CSC152 2005F, Class 35: Algorithm Analysis (3)
Overview:
* Sorry about problem in lab.
* Eryn wants to know why you don't visit her.
* Homework to be determined.
Admin:
* Review
* Detour: Counting deletions
* Lab discussion
* Recurrence relations
Review:
* Focusing on analyzing the running time of algorithms
* Big O analysis
* Puzzling mathematical notation
* The notation lets us ignore things (say that the "don't matter")
* Constant multipliers:
n^2 vs. n matters more than 2n vs 3n
n^2 will dominate d*n no matter what d we choose
* Lower order terms:
n^2 plus something smaller than n^2 is not much different
than n^2 for big enough n
* If two methods are both O(n^2), big O analysis does not provide a good technique for deciding which is faster.
* Experiments will help
* Big O notation: See real whiteboard (no photos available)
* Use this to prove the things we expect/want
* Return to the notation in CSC301
Detour: Counting deletions
int len = stuff.size(); // O(1)
for (int i = 0; i < len; i++) { // O(len) or O(n) repetitions
stuff.remove(0); // O(n)
}
O(n) repetitions of an O(n) step is O(n^2)
Does it make a difference that we've said remove is O(n) when,
for many values, it's constant.
* We're bounding above, not bounding exactly, so it's okay.
* In real life (or at least computer life) is strive for a "close" upper bound
* Let's do the more careful analysis, only in terms of deletion
N + (N-1) + (N-2) + (N-3) + .... + 5 + 4 + 2 + 1
That sum has the value N(N+1)/2 is O(N^2)
Lab
For exptFor(x,n), what is the running time in terms of n?
+ O(n^2)
+ O(n) ****
BigDecimal result = new BigDecimal(1.0);
for (int i = 0; i < n ; i++) { // N repetitions
this.step();
result = result.multiply(x); // c steps
}
return result;
For exptWhile(x,n), what is the running time in terms of n?

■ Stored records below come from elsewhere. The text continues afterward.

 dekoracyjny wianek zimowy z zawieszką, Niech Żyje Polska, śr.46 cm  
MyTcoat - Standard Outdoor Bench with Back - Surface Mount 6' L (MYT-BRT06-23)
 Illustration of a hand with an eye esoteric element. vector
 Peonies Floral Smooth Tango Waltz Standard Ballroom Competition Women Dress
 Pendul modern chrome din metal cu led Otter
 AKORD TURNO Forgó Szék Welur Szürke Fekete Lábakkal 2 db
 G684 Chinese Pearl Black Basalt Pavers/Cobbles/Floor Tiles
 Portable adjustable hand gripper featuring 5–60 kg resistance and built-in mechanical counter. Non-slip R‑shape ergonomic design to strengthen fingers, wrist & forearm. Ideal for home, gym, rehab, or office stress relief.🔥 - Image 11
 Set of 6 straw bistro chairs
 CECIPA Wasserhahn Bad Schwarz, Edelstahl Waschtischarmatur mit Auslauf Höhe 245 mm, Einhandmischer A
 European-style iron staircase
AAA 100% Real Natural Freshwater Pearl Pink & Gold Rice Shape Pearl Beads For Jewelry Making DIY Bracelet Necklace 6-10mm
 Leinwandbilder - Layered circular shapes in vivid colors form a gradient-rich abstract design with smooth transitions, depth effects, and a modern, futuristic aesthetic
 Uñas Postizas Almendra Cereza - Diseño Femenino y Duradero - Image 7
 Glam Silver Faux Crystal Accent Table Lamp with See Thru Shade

public BigDecimal exptWhile(BigDecimal x, int n)
{
BigDecimal accumulator = new BigDecimal(1);
// need to repeatedly reduce the power. Idea:
// currentx^currentn * accumulator = originalx^originaln
while (n > 0) {
this.step();
// If n is even, divide it by two and multiply x by
// itself, using the amazing rule that
// (x^n = (x^2)^(n/2))
if ((n % 2) == 0) {
// Recursive version: expt3(x.multiply(x), n/2, accumulator);
n = n/2;
x = x.multiply(x);
} // n is even
// If n is odd, subtract 1 from it and ..
else {
// Recursive version: expt3(x, n-1, x.multiply(accumulator));
n = n - 1;
accumulator = x.multiply(accumulator);
} // n is odd
} // while
return accumulator;
} // exptWhile(BigDecimal, int)
+ O(n)
+ O(1)
+ O(log_2(n))
Looking at the data, we see that every time the input size (n)
doubles, the running time goes up by a constant (2, in this case).
Hence, the function is O(log_2(n))
Sequential search: Look at each element
Homework: Try again writing the tests for sequential and binary search.
* MAKE A NEW COPY OF Computer.java